PEMBROKE — The county’s reigning freshman of the year in softball already has the University of North Carolina at Pembroke on her radar.
This week, MariJo Wilkes has an opportunity to catch the attention of the Braves’ coaching staff at the team’s summer camp — the first of two camp sessions this summer.
“I want to come here when I’m older for a veterinary program, so I want them to look at me,” Wilkes said.
The Purnell Swett utility player said it was nerve-wracking being one of the youngest players in a field of more than 20 athletes at the camp.
“I hope I look at me and see that despite how small I am, I’m better than what they imagined,” Wilkes said.

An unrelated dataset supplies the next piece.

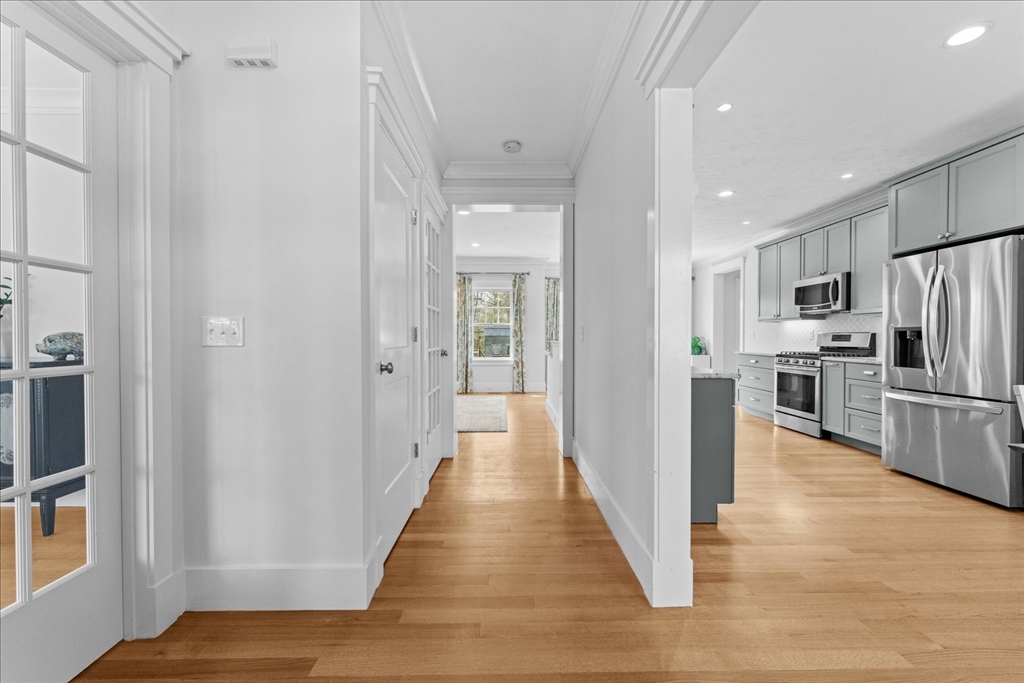 50 Quabbin Path Sutton, MA 01590 - Photo 9 of 42 a view of a kitchen from the hallway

Wilkes hit .271 at the plate with 13 runs scored and three doubles in her first season with the Lady Rams. She played in the outfield primarily and also pitched three innings.

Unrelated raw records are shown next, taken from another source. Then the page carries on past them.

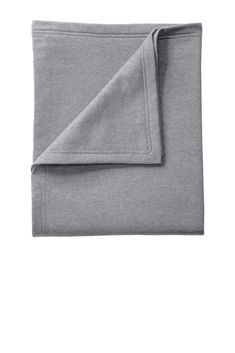 a folded gray blanket on a white background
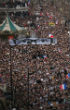 Millions gathered in Place de la Republique on Sunday, Jan. 11 to take a stand against terrorism. Multiple cards held up, display the glasses and eyes of murdered Charlie Hebdo editor, Stephane Charbonnier. Image of Millions gathered in Place de la Republique on Sunday, Jan. 11 to take a stand against terrorism. Multiple cards held up, display the glasses and eyes of murdered Charlie Hebdo editor, Stephane Charbonnier.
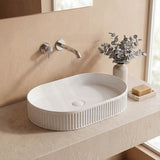 Infinity Oval Fluted Above Counter Ceramic Basin 595x375x105mm - Variant Colour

The Lady Rams graduated six seniors this season, including four of their top five batters. As one of two rising sophomores with varsity experience, Wilkes will have an opportunity to fill a more significant role for the Lady Rams.
“I need to improve on my hitting because it was good at the beginning of the season and then it fell off,” she said. “I need to work on just getting my head in the game more.”

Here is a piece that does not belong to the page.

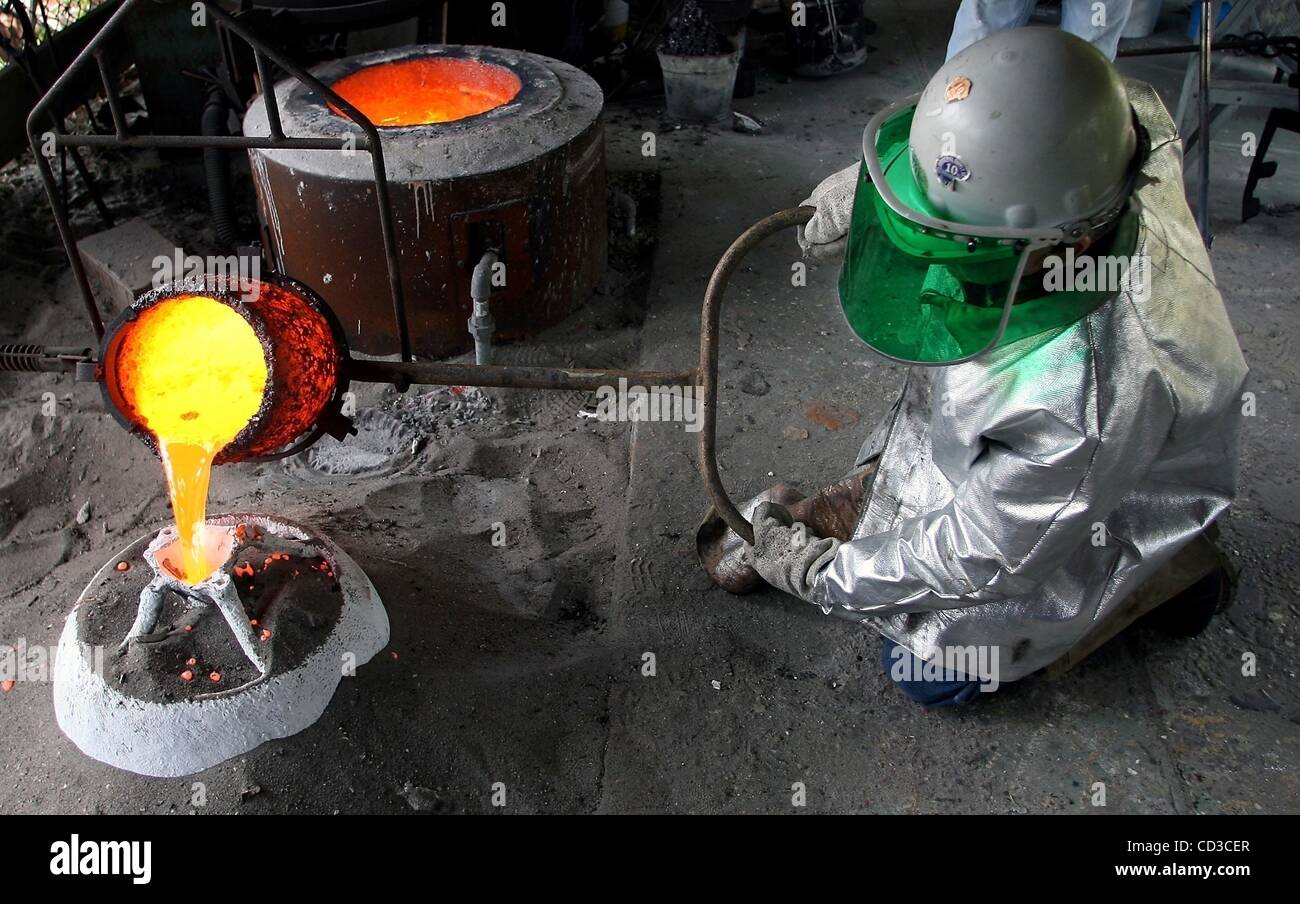 Apr 25, 2008 - St. Lucie, Florida, USA - Sculptor PAT COCHRAN, owner of Shadetree Studio in St. Lucie Village, pours molten bronze for giant fruit sculptures he was casting for a local builder. The 20 inch diameter oranges will be placed at the entryway to a new office building on Citrus Avenue in F Stock Photo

Wilkes participated in the first of two camps held by UNCP head coach Brittany Bennett and her staff this summer. The events, which feature two days of skills training and instruction, help the Braves identify talent throughout the region.
“Being able to recruit these kids out of this camp is really what it’s all about,” Bennett said. “I’ve got a bunch of kids that are hustling, moving through stations, making adjustments and improving. Through our first four-hour session, I already have kids that are better than when they started.”
UNCP softball players were on hand to guide the campers through workout stations and give them advice.
“I think one of the coolest things as a coach is being able to watch your players coach,” Bennett said. “When you watch your players teach, you know that they understand the game. They believe in your strategy because they’re teaching that to the younger generation.
“The interaction of these kids being able to work with college athletes is a high-end experience all the way through.”
Six seniors, including All-American third baseman Jamie Johnson, wrapped up their final collegiate campaign with the Braves in April. The summer camps allow high school players in the area to see if following in the footsteps of those seniors is the right move for them.
Bennett said the ratio of instructors to campers is ideal for helping the athletes to receive individual attention.
“You’re getting on our campus and you’re seeing what a college atmosphere feels like,” she said. “You’re also getting some philosophy. You can come here and somewhere else and compare your experiences. You can say “I like this, this is for me,” or “No, I don’t like this,”. Having kids get different perspectives on coaching opens them up to forming opinions.”
The camp’s second session will take place on July 11 to 12. Individuals can preregister for $150 or register on the day of the camp for for $175.